With enough due care, one assumes that it's possible to be sure that unlocking a mutex acquired elsewhere is a reasonable thing to do here. But one must hope that the driver author - who is not concerned with locking, after all - has left things in a consistent state before calling videobuf_waiton(). Otherwise those disgruntled users will eventually make a return.

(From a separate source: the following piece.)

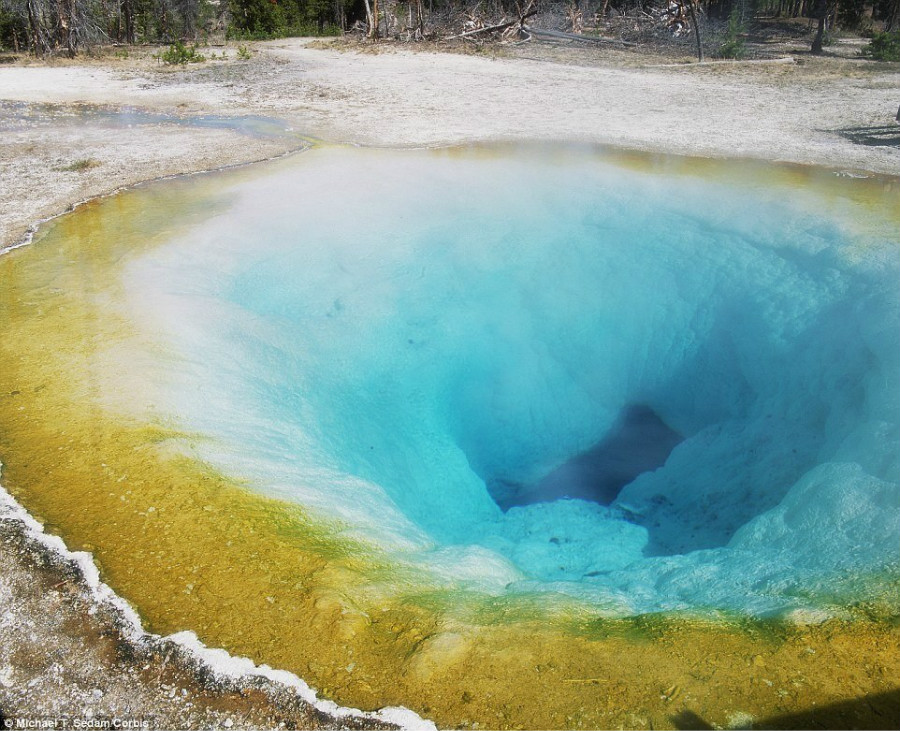 La source chaude du parc de Yellowstone devrait sa couleur à la pollution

Locking complexity in the kernel is growing, and that makes it harder for developers to come up to speed. Complex locking can be an especially difficult challenge for somebody writing this type of driver; these authors tend not to be full-time kernel developers. So the appeal of taking care of locking for them and letting them concentrate on getting their hardware to do reasonable things is clear, especially if it makes the code review process easier as well. Such efforts may ultimately be successful, but there can be no doubt that they will run into disagreement from those who feel that kernel developers should either understand what is going on or switch to Java development. Expect this sort of discussion to pop up in a number of contexts as core developers try to make it easier for others to write correct code.

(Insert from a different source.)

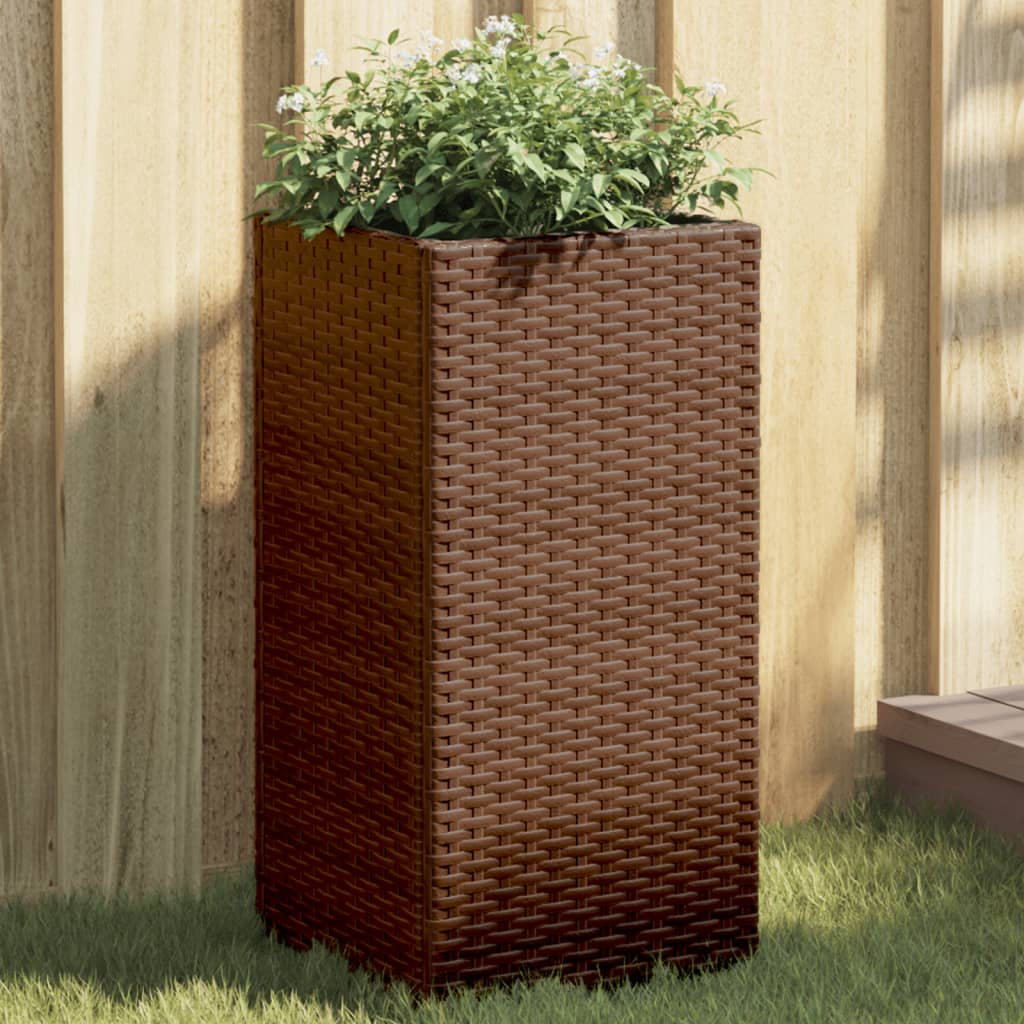 vidaXL Pflanzkübel Braun 30x30x60 cm Poly Rattan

Index entries for this article
Kernel	Big kernel lock
Kernel	Device drivers

(Log in to post comments)

Make the Correct Thing Easy

Posted Oct 28, 2010 14:18 UTC (Thu) by darrint (guest, #673) [Link]

"If people don't get locking right we need to educate them, not encourage them to understand even less of it." Reading that quote flabbergasted me. I'm floored. KO'ed.

Lets take the great insidious Medusa of programming, spread it's execution over possibly hundreds of people and somehow "educate" them so they all execute correctly and things come out well in the end.

No way should we take time get the locking right once and let people focus on their individual areas of expertise.

How does one, over a ten plus year engineering career arrive at an opinion that on the face of it is utter madness. (I'm genuinely curious. Maybe I'm wrong but...)

Division of labor is the foundation of modern civilization. While it's important that the participants in these division be educated and have knowledge of how their actions impact other divisions, that should not preempt the implementation of the division itself.

Shielding driver authors from locking

Posted Oct 29, 2010 12:13 UTC (Fri) by smowton (guest, #57076) [Link]

This sounds sensible -- essentially it's the Windows Driver Foundation argument; that you should be able to develop in a friendly, simple but inefficient environment and gradually pull in the more awesome powers of the full kernel environment as you need to. So your driver for a serial IR device that only ever needs to cope with 9.6kbps can be written like the system is very simple indeed, whilst that for a 100Gbps network card perhaps needs to pull out all the stops to minimise the number of machine instructions to send a packet, or maximise parallelism when working with dozens of cores.

The WDF guys needed to solve the blocking-call thing of course; their approach was to say that I/O request packets had to be either completed within a driver callback or else placed in a queue for later retrieval in response to an event or timer; placing it in an internal queue would release the device or instance-wide lock. Busy-waiting or sleeping inside a callback was always an error. It's troubling for this purpose that Linux's model of in-progress kernel calls is very much tied to the C stack, but it seems like it wouldn't be too difficult to remodel using aio as the standard and synchronous calls as a simple wrapper atop that which takes place outside the driver framework's locking scheme.